Voilà: A Wissembourg, on n'avait pas chanté la Marseillaise. Maintenant, on va la chanter partout, et, ça va changer de note. J'ai copié tout à l'heure une dépêche ministérielle qui en dit long sans en avoir l'air:
«L'ennemi paraît vouloir tenter quelque chose sur notre territoire, ce qui nous donnerait de grands avantages stratégiques.»
Et j'ai lu un journal qui affirme que «la prise de Wissembourg est une faute commise par l'armée prussienne.»
«Si les Prussiens ont l'audace de s'avancer en France, ajoute-t-il, ils n'en sortiront pas vivants.»
Alors, ils sont perdus, car ils s'avancent à pas de géants. J'en ai déjà planté pas mal, des drapeaux noirs et blancs, sur la carte du Théâtre de la Guerre, dans les Vosges et sur la Moselle! et il faut que j'en pique encore un sur Woerth, et un autre sur Forbach, où, pourtant, Frossard a failli vaincre.

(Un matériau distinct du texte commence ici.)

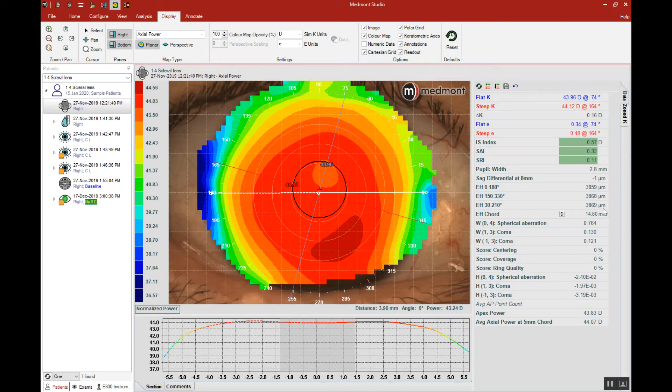That's the starting scleral lens sagittal depth that I should choose from the diagnostic set. So this attribute is going to help you to quickly and efficiently choose your initial scleral lens.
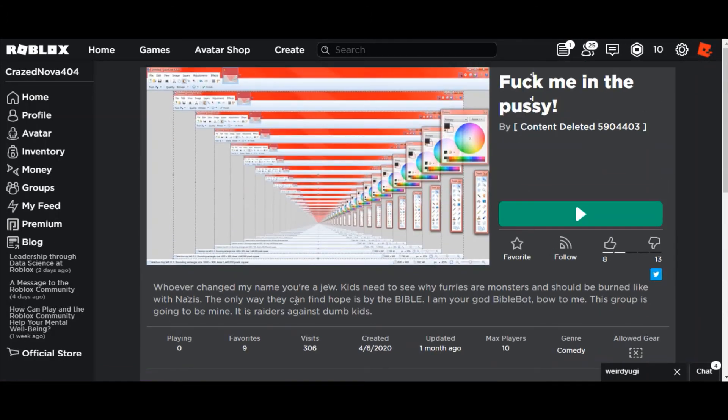Whoever changed my name, kids need to see why furries are monsters and should be burned like with the Nazis. Grammar alert you motherfucker.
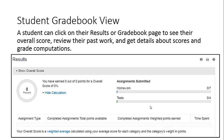Student gradebook view: a student can click on their results or the gradebook page to see their overall score, review their past work, and get details about scores and grade computations.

Oui, nous sommes battus par les Prussiens, mais battus glorieusement, héroïquement, battus comme Roland à Roncevaux, battus comme une poignée de chevaliers succombant sous les coups d'une horde entière de barbares. Beaux vainqueurs, vraiment, que ces vandales qui s'embusquent pour surprendre les corps les plus faibles et les écraser sans danger! Beaux vainqueurs, que ces lâches Teutons qui ne savent combattre que lorsqu'ils sont dix contre un!
M. Pion ne dérage pas. Il traite les Prussiens de cochons, de brutes, de sauvages, depuis le matin jusqu'au soir.